With an overdrive transmission, the top gear is less than a 1:1 ratio, which means that the driveshaft will turn at a faster speed than the engine. For example, if you have a car without overdrive and a 1:1 top gear ratio, a 3.08 axle ratio, and a 26″ tall tire, your engine speed at 70 MPH is about 2750 RPM. The typical overdrive in a domestic car is about a 0.70:1 ratio, which means that in top gear the driveshaft will turn 42.9% faster than engine speed (1 divided by 0.70 = 1.429). In the same car with an overdrive transmission and a 0.70:1 top gear ratio, engine speed at 70 MPH is reduced to 1925 RPM! That is 825 fewer RPM, a reduction of almost one-third.
This reduction in engine speed has several advantages:
1.) Lower fuel consumption – on the highway, your engine will use roughly one-third less fuel.
2.) Lower emissions – on the highway, your engine will emit roughly one-third less pollution.
3.) Longer engine life – all other things being equal, your engine theoretically has a life that consists of a certain number of revolutions. You are going the same distance as before, but using fewer of those revolutions to get there.
4.) Longer accessory life – your water pump, alternator, power steering pump, A/C compressor, and smog pump (if equipped) are all turning at a lower RPM and should last longer.
5) Less cabin noise – an engine turning at a lower RPM will be quieter, making the trip less stressful. It is easier to have a conversation, and you can actually hear the radio!
There are a few minor trade-offs, though. The engine will have less power for passing and going up hills when the transmission is in high gear, so downshifting will be necessary at times. Most overdrive transmissions are slightly heavier than their non-overdrive counterparts, too, but this difference is negligible in most cases.
All in all, overdrive transmissions have been one of the biggest improvements to be made to domestic cars in the last thirty years.

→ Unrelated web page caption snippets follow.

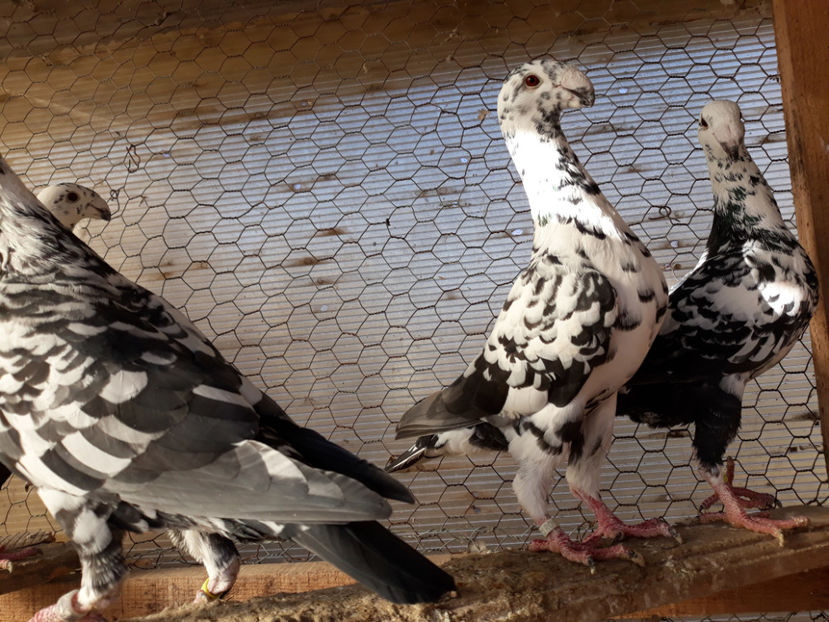  - GERMANI BOBATI SI LA GRAMADA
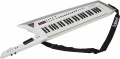 Синтезатор Roland AXEDGE White 3 – techzone.com.ua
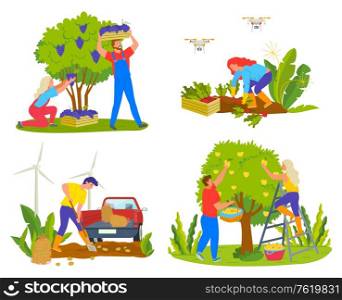 Harvesting people on field vector, man and woman picking grapes. Lady working on plantation with carrots, male harvest potatoes, pear trees fruits. Grape and Pear Garden, Beetroot and Potato Vector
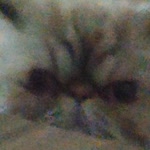 Profil fotoğrafı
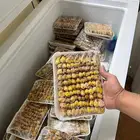 عصافير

They have made a larger difference in highway fuel economy than fuel injection and computerized engine controls. There are a number of companies such as Keisler Engineering that have made a good business out of providing overdrives to retrofit into classic musclecars and street rods! Given the advantages of overdrive transmissions, my biggest question is why the automakers didn’t offer them sooner!